By taking advantage of the long-read and single molecular sequencing capability developed by PacBio, we are proud to offer advanced genome de novo assembly solutions and full-length gene/transcript sequencing strategy to suit your project needs.
Single-cell sequencing represents a significant advancement in our comprehension of cellular heterogeneity and biological processes. This sophisticated technology facilitates the examination of genomes, transcriptomes, epigenomes, and proteomes at the single-cell resolution, thereby delivering unparalleled insights into cellular functions and interactions. In contrast to conventional bulk sequencing, which yields averaged data from a mixture of cells, single-cell sequencing discloses the distinct molecular signatures of individual cells, thereby unveiling the intricate complexity and diversity present within tissues and organisms.
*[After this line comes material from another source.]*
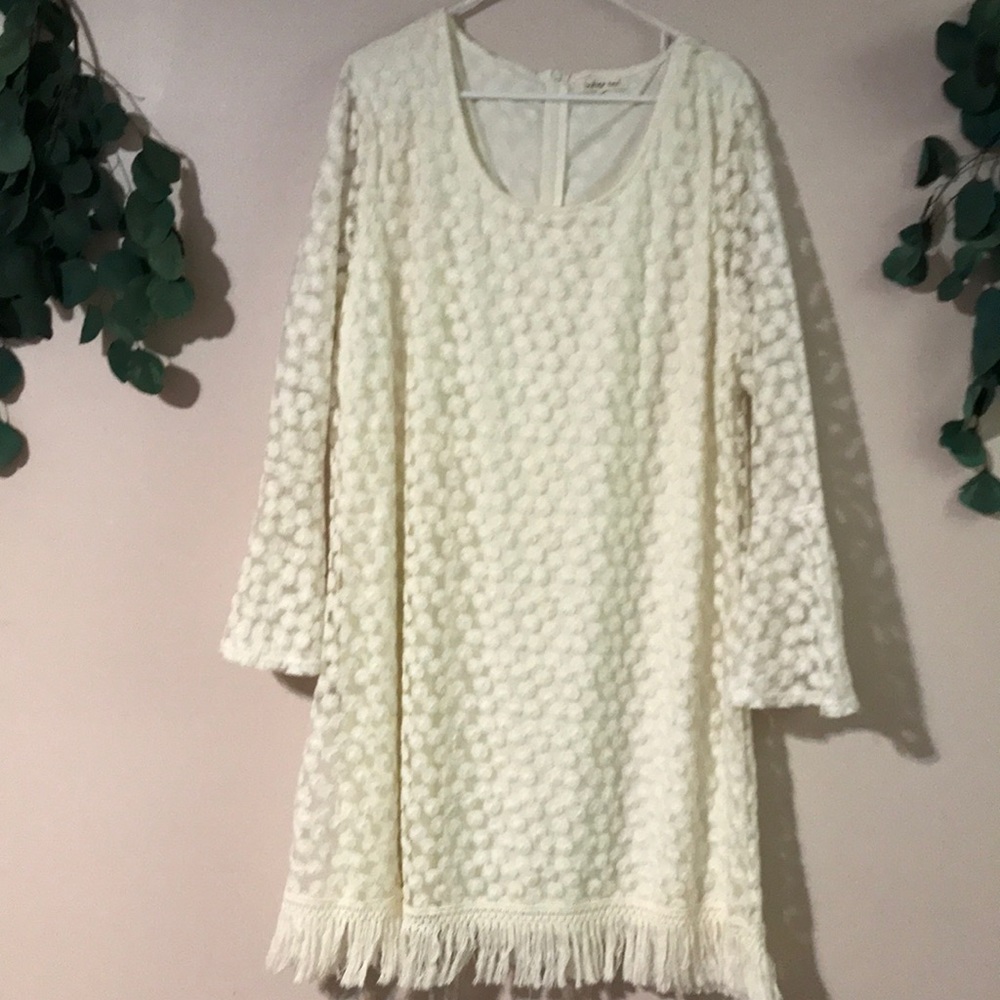 very pretty pinwheel/simple flower lace dress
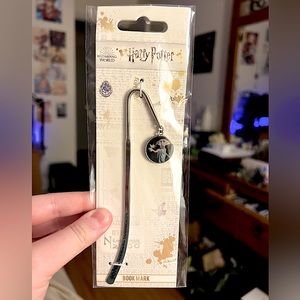 Official Harry Potter Dobby Metal Bookmark (Wizarding World merchandise)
Taking the transcriptome as an example, traditional bulk RNA sequencing (Bulk RNA-seq) involves extracting and sequencing the mixed RNA from tissues, organs, or clusters of cells, yielding average transcriptomic data for those cell populations. For instance, using Bulk RNA-seq, one can identify differential gene expression between tumor and adjacent non-tumor tissues, noting variations in oncogenes and tumor suppressor genes. However, within a tumor, there exist genetic and transcriptomic variations among cells located at the tumor core, periphery, lymphatic metastases, and distant metastases. These differences may play critical roles in cancer cell invasion, metastasis, and the evolution of drug resistance, subsequently influencing the efficacy of therapeutic interventions.
Conversely, single-cell RNA sequencing (scRNA-seq) allows for the examination of tumor heterogeneity at the individual cell level. This technique facilitates the study of clonal evolution and development of cancer cells, early-stage cancer invasion, mutation rates and types in cancer cells, tracking of metastasis and dissemination, characterization of the tumor microenvironment, and understanding the evolution of drug resistance during cancer treatment.
Early approaches to single-cell sequencing involved isolating individual cells followed by low-input library preparation and sequencing. Methods for isolating single cells encompassed techniques such as limiting dilution, flow cytometry, laser capture microdissection, and micromanipulation. While these methods are capable of isolating single cells, they are often complex, time-consuming, costly, and low in throughput, which hinders their widespread application on a large scale.